Wednesday, March 21, 2007

The body, the blood, the betrayal



Hopeless Case - The Happy Couple

This is how words betray the body. I don't love you, they say. Not at all! they declare. (Except that it's more like this: Idon'tloveyouIdon'tloveyouatall. Fast, but not fast enough.) And yet the body's heart pounds six inches off its chest like an infatuated cartoon beast's and its cheeks flush a dense coral reef. And it folds one foot under the other knee to stop its reflexive fidget from flinging a shoe across the room. These are what are called tells. And this is how the body betrays words back.

Yawns - Frightened Rabbit

This is how the body betrays itself. How she's really very fond of him, how she adores him, but when she looks straight into his eyes she ... yawns
. And how he returns her yawn with dread, his own awake-all-night worst fears confirmed: She's just not, as the book says, that into him. Ancient-vinyl crackle, deep ticking time bomb throb and uneasy funeral procession tambourine promise it's only a matter of time; this relationship's hanging by fine threads. But it's just as possible to imagine some listless Sartrean hell where the unhappy couple are doomed to live out eternity in one another's bored, yawning presence.

Favorite Movie - BASIC

And this is how the body comes undone. BASIC asks you to pogo. Yes, jump up and down, with heels and calves and ass and torso, shoulders, elbows, chin bobbing. Pogo til your ears buzz with flies, your eyes swim with minnows, til your teeth rattle clear of your mouth and litter the floor. Til you're grinding them to a fine, white paste under your shoes. Oh sure, your gums are bleeding. Probably profusely. But you're grinning, and trying to follow that other BASIC request, trying to form the words, one by one, of your favorite movie: Rules of the Game, maybe (on aesthetic principle), or Rear Window, possibly (for its lost Greenwich Village and its Edith Head dresses), To Kill a Mockingbird (in a rainy autumn afternoon mood).

From:
Fools in Love EP, The Happy Couple.
Myspace.
Sings the Greys, Frightened Rabbit.
Myspace.
BASIC's
Myspace.

3 Comments:

Anonymous Anonymous said...

this post is lovely. that is all.

7:32 PM  
Anonymous Anonymous said...

Brilliant writing, Amy. There aren't many websites I read where it's worth my while to read something three times so I can get something different out of it every time, but it's like good poetry here: read your words and imagine what the music will sound like, read while the song plays and see how the words resonate, read again after the song ends and get another drop or two out of it.

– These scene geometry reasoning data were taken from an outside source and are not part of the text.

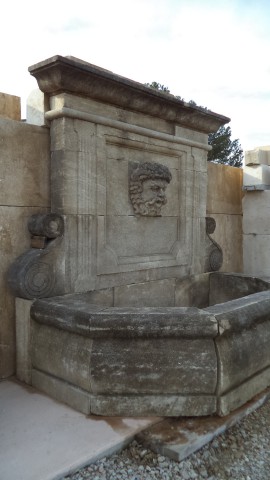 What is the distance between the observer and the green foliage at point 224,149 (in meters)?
19.7

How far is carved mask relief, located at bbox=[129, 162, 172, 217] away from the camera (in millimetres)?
3670

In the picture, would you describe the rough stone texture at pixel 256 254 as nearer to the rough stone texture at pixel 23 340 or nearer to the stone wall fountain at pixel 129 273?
the stone wall fountain at pixel 129 273

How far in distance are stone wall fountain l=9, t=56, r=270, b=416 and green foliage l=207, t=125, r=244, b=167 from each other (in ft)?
51.7

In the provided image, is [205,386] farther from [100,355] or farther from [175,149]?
[175,149]

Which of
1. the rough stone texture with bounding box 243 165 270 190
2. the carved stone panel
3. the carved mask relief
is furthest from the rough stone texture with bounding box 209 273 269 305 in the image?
the rough stone texture with bounding box 243 165 270 190

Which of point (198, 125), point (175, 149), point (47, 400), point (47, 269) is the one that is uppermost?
point (198, 125)

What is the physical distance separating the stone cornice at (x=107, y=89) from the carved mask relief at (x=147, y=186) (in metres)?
0.55

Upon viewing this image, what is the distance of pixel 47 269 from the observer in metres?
3.06

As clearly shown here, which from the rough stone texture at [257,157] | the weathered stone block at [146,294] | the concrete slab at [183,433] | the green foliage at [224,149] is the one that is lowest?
the concrete slab at [183,433]

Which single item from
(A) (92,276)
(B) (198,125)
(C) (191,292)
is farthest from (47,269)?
(B) (198,125)

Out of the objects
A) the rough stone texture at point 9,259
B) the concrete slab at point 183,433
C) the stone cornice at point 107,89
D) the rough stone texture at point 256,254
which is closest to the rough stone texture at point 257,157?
the rough stone texture at point 256,254

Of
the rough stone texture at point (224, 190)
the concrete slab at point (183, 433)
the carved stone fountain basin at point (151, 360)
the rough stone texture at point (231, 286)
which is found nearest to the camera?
the concrete slab at point (183, 433)

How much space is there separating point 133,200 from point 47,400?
188 cm

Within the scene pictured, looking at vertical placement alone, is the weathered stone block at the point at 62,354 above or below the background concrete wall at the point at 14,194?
below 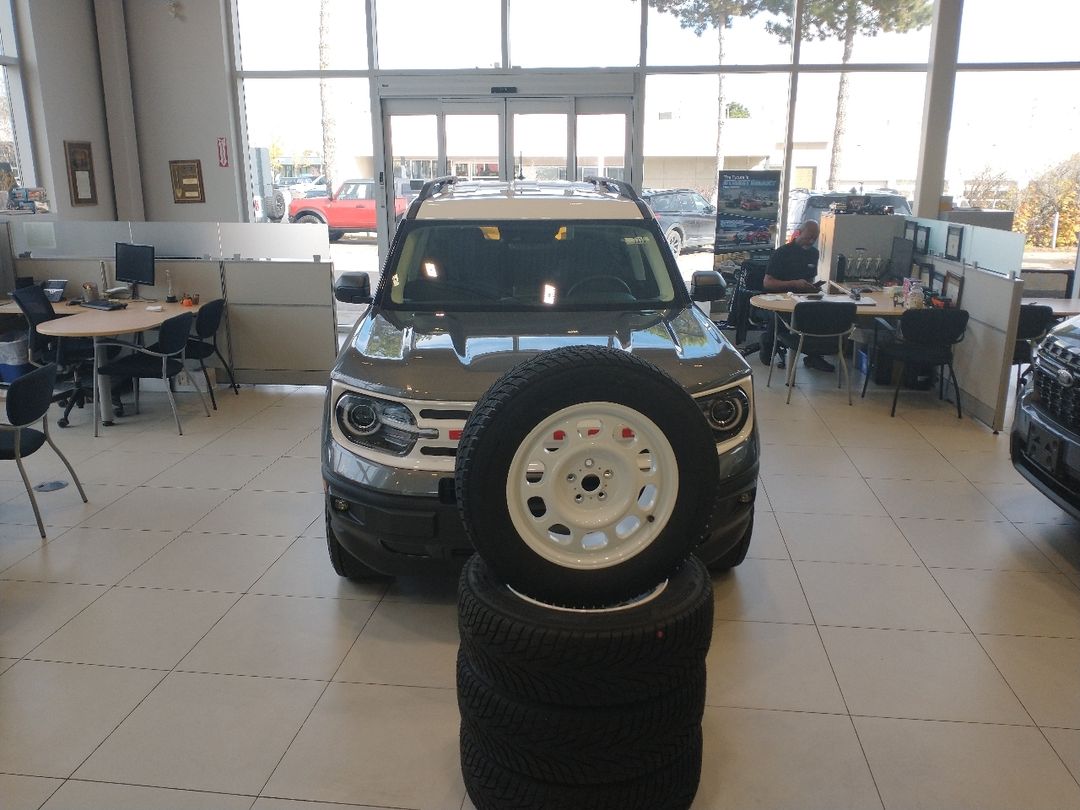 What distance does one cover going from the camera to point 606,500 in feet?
7.30

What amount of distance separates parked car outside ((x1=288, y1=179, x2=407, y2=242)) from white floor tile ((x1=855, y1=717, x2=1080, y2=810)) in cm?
782

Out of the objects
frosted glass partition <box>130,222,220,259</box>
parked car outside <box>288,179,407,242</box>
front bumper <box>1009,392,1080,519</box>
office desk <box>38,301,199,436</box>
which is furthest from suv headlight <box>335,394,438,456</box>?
parked car outside <box>288,179,407,242</box>

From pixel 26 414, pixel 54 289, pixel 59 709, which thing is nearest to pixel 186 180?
pixel 54 289

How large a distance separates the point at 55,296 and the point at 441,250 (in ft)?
14.7

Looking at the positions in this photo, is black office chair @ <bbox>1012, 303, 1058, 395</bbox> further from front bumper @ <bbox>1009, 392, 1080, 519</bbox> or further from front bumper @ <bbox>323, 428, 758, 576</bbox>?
Answer: front bumper @ <bbox>323, 428, 758, 576</bbox>

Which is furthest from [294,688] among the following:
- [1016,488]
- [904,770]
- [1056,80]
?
[1056,80]

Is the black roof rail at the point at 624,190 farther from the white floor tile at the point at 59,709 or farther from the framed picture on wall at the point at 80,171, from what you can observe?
the framed picture on wall at the point at 80,171

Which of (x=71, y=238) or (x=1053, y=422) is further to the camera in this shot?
(x=71, y=238)

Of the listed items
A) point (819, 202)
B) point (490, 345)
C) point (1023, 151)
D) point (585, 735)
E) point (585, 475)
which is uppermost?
point (1023, 151)

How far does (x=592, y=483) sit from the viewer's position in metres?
2.22

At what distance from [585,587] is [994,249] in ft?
17.4

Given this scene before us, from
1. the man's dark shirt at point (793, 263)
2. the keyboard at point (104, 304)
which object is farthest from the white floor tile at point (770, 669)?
the keyboard at point (104, 304)

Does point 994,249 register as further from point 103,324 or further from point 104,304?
point 104,304

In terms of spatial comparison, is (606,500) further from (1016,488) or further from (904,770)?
(1016,488) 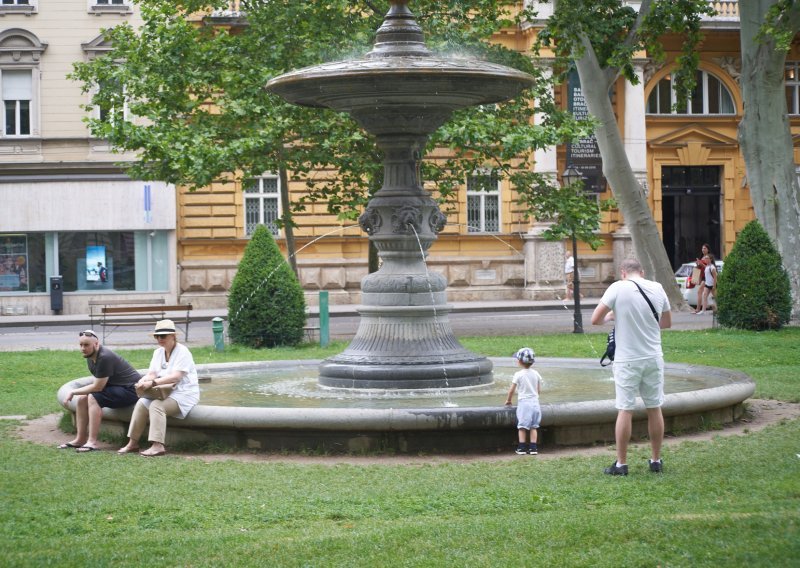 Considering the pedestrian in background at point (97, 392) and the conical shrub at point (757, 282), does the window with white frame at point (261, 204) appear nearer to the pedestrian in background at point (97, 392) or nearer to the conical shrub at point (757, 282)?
the conical shrub at point (757, 282)

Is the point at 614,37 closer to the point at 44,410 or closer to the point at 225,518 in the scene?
the point at 44,410

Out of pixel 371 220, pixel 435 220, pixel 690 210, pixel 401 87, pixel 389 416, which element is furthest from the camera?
pixel 690 210

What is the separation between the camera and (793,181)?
2709 cm

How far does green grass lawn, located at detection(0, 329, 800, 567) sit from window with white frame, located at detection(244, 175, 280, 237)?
2630 centimetres

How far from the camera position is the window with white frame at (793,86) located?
42.6m

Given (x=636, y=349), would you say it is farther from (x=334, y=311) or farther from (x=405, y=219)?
(x=334, y=311)

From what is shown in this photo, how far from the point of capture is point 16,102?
1467 inches

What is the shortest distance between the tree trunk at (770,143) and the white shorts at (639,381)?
17802mm

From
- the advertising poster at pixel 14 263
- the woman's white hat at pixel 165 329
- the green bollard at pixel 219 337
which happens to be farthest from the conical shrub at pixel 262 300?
the advertising poster at pixel 14 263

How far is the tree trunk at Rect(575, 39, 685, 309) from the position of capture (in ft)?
90.8

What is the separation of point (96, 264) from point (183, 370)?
27.0 metres

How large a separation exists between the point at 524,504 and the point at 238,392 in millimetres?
5992

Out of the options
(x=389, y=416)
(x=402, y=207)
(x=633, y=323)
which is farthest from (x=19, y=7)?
(x=633, y=323)

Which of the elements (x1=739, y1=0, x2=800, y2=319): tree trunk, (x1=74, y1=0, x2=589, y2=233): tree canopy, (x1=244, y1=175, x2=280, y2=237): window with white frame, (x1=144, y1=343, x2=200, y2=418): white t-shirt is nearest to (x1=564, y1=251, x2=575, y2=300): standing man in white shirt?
(x1=244, y1=175, x2=280, y2=237): window with white frame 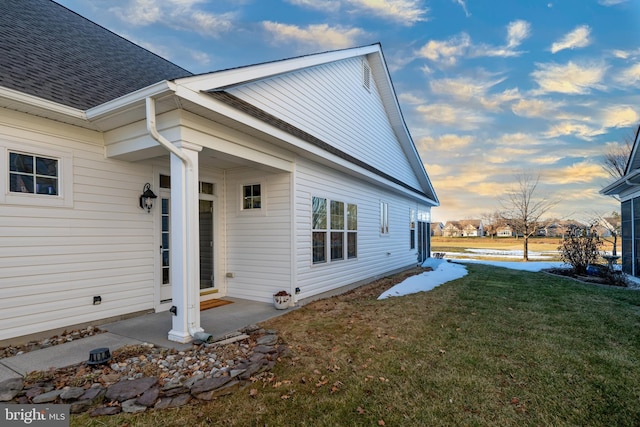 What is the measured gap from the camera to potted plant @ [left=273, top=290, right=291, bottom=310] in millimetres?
5629

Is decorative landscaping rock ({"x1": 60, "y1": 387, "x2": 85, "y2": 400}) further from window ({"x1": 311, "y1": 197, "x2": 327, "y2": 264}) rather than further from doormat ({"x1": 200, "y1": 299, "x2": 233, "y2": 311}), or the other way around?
window ({"x1": 311, "y1": 197, "x2": 327, "y2": 264})

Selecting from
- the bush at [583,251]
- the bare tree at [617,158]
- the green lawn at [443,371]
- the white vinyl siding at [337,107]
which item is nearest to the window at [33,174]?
the white vinyl siding at [337,107]

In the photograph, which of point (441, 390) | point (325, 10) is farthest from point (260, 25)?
point (441, 390)

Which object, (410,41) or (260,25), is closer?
(260,25)

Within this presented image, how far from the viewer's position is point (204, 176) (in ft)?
20.4

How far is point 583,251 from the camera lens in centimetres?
1091

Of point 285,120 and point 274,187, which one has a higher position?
point 285,120

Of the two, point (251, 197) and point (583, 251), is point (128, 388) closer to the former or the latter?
point (251, 197)

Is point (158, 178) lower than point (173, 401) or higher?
higher

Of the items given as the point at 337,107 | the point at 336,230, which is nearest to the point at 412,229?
the point at 336,230

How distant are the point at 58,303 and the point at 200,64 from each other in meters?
10.4

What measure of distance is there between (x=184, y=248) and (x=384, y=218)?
7.63 meters

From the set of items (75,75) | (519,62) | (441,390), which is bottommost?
(441,390)

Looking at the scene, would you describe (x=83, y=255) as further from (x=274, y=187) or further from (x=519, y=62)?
(x=519, y=62) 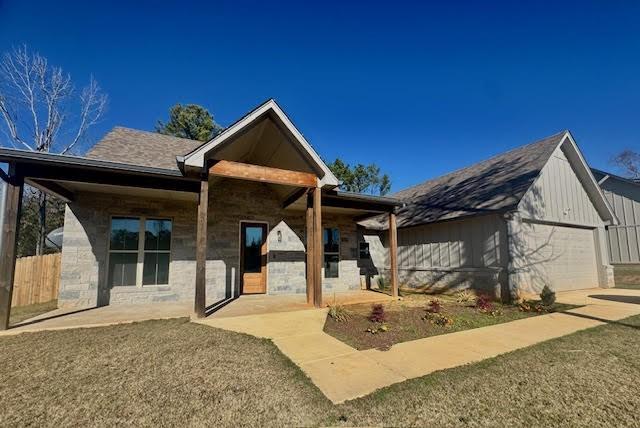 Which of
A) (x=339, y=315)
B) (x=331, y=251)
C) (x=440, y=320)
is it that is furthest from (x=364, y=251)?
(x=440, y=320)

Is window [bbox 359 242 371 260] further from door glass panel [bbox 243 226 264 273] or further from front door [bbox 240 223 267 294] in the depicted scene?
door glass panel [bbox 243 226 264 273]

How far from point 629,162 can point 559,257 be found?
30.8m

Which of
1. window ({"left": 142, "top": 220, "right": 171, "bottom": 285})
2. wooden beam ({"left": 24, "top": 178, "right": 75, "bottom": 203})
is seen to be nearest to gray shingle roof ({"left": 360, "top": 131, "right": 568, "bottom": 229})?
window ({"left": 142, "top": 220, "right": 171, "bottom": 285})

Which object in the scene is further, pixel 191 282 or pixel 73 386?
pixel 191 282

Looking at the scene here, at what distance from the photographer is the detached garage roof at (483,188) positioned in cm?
1003

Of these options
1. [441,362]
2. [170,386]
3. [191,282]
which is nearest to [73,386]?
[170,386]

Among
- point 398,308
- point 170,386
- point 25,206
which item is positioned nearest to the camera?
point 170,386

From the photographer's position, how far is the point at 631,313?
7020 mm

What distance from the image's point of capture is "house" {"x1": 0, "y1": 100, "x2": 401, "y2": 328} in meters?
6.46

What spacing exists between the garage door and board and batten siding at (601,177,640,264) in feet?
22.5

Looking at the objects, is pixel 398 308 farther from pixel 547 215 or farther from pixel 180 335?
pixel 547 215

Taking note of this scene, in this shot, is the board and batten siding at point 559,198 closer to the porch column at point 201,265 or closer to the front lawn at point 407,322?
the front lawn at point 407,322

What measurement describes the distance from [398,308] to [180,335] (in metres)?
5.15

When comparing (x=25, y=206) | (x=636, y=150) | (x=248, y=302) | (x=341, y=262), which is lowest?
(x=248, y=302) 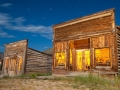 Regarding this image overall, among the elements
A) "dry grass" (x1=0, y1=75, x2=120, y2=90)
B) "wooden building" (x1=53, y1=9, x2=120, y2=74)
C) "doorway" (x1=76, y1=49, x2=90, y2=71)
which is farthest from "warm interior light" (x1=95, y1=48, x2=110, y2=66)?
"dry grass" (x1=0, y1=75, x2=120, y2=90)

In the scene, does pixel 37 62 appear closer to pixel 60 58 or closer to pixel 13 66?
pixel 13 66

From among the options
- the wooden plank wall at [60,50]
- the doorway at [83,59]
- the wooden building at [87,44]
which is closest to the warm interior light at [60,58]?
the wooden building at [87,44]

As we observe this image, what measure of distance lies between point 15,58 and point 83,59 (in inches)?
442

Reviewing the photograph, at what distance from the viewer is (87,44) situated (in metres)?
16.3

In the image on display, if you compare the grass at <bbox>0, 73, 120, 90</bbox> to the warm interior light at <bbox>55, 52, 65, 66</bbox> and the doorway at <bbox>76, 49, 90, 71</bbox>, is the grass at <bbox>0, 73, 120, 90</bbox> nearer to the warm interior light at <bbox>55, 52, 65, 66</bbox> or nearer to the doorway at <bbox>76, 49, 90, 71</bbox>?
the doorway at <bbox>76, 49, 90, 71</bbox>

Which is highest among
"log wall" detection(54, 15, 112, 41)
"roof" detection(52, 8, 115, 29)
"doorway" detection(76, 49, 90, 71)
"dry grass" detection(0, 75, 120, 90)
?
"roof" detection(52, 8, 115, 29)

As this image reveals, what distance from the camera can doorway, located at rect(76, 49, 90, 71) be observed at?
52.5 feet

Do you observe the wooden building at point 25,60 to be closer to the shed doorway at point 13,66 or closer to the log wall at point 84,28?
the shed doorway at point 13,66

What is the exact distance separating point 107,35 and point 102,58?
2194 millimetres

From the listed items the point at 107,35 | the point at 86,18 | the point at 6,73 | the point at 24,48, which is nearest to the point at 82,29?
the point at 86,18

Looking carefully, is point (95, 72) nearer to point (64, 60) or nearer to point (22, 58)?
point (64, 60)

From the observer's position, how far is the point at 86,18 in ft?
46.6

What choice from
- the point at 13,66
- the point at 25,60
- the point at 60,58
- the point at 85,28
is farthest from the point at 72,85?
the point at 13,66

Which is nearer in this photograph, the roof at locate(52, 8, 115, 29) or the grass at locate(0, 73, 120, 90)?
the grass at locate(0, 73, 120, 90) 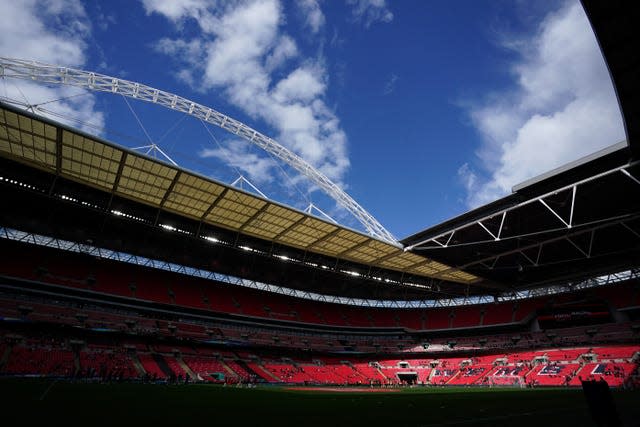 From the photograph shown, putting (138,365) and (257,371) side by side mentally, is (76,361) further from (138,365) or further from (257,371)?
(257,371)

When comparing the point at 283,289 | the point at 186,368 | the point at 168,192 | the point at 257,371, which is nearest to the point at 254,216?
the point at 168,192

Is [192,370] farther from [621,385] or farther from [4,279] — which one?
[621,385]

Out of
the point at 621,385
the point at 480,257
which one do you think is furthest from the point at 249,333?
the point at 621,385

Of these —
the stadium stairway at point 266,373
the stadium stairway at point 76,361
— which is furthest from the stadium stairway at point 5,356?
the stadium stairway at point 266,373

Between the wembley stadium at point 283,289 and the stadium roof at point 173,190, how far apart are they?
0.69ft

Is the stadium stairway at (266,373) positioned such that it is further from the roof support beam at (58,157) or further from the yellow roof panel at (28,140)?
the yellow roof panel at (28,140)

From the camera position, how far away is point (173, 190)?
1225 inches

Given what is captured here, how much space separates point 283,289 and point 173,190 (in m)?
32.7

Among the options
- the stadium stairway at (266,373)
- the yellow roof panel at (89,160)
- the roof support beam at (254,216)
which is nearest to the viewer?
the yellow roof panel at (89,160)

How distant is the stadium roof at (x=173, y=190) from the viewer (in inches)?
980

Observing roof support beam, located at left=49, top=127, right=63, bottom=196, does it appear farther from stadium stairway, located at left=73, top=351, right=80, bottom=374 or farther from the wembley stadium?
stadium stairway, located at left=73, top=351, right=80, bottom=374

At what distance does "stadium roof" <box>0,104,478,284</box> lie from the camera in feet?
81.7

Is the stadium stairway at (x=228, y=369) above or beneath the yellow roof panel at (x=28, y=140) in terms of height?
beneath

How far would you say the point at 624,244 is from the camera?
38438 millimetres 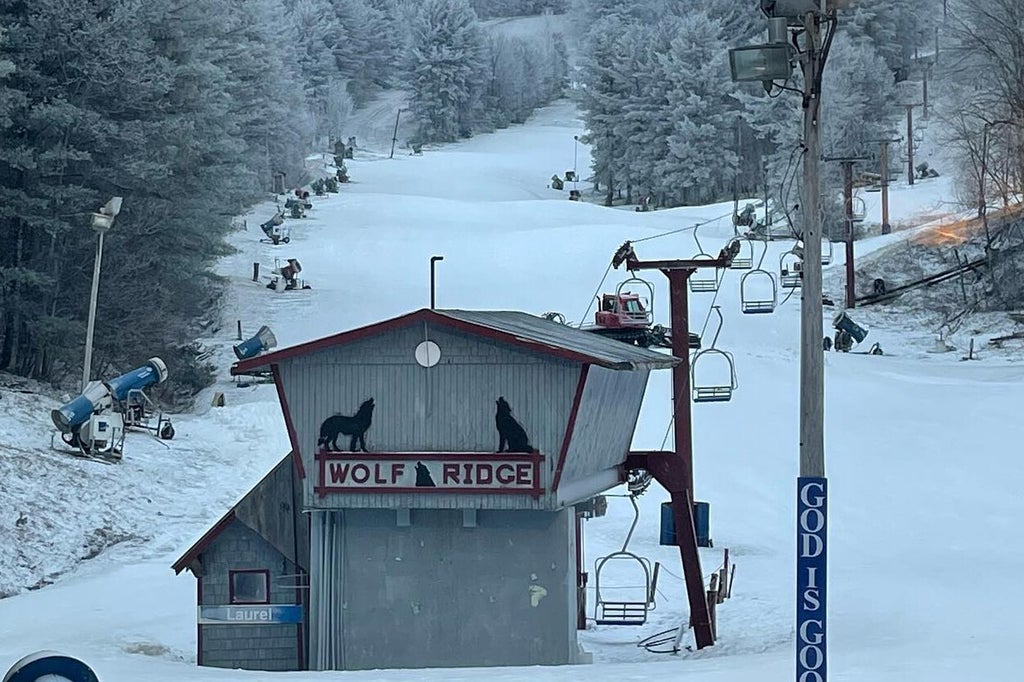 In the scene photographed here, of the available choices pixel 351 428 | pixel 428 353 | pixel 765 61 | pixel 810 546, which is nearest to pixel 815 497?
pixel 810 546

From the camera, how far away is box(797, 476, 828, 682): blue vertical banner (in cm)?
793

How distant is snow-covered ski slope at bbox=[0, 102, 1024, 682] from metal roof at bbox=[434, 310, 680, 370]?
131 inches

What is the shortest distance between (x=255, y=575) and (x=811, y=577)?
1063cm

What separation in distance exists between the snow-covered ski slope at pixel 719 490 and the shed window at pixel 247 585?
1086mm

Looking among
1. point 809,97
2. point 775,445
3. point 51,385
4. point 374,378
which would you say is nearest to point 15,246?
point 51,385

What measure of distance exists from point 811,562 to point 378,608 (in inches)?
345


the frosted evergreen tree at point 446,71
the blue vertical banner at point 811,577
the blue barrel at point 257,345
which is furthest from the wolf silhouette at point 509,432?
the frosted evergreen tree at point 446,71

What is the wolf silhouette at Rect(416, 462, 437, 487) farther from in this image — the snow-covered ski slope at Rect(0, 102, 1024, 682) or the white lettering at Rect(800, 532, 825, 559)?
the white lettering at Rect(800, 532, 825, 559)

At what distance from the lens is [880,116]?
252 ft

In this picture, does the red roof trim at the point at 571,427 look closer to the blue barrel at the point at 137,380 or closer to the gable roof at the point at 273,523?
the gable roof at the point at 273,523

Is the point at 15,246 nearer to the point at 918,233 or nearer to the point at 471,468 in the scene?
the point at 471,468

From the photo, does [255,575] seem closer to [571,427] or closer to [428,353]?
[428,353]

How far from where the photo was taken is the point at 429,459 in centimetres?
1562

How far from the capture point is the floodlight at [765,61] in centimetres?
875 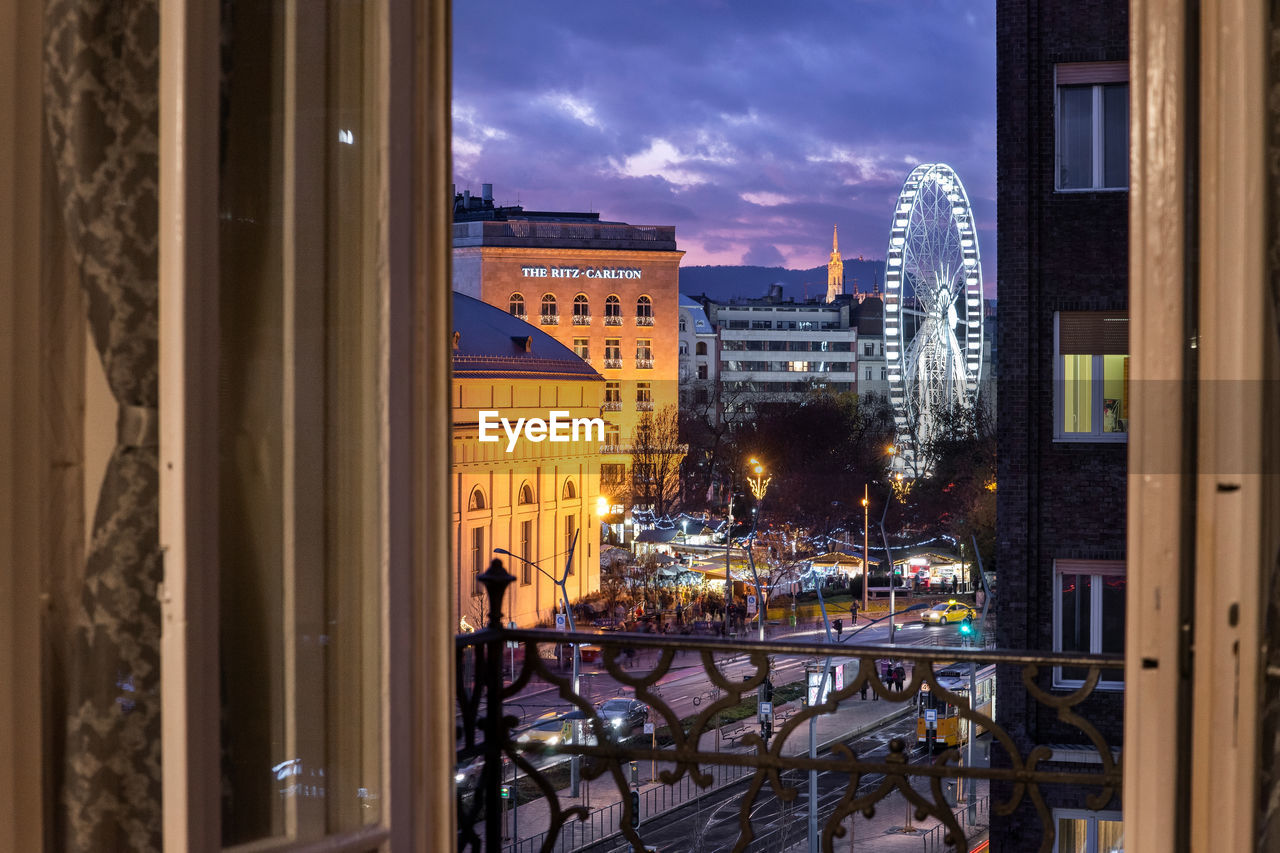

For my part, the Frightened Rabbit song filled me with anticipation--when was it finally going to open up? Well, there went the chorus, such as it is, and that wasn't much different. But then, right around the point at which I'd given up hope and started to imagine that it was a song to admire (but not love) for the way the sound of it matched the lyrical content so well, the cymbal work started in and then more and more instruments were added until the sound was fuller than I would've hoped for back when I was still hoping for things from this song.

Thanks.

12:14 AM  
Blogger Amy said...

Thanks, Courtney!

And Neil,you're too nice! Though it makes me a little nervous to think of anyone reading what I write that carefully (can I hire you as a proofreader?). I encourage you to check out the Frightened Rabbit album. It's just packed with good ideas, well executed. An all-around pleasure.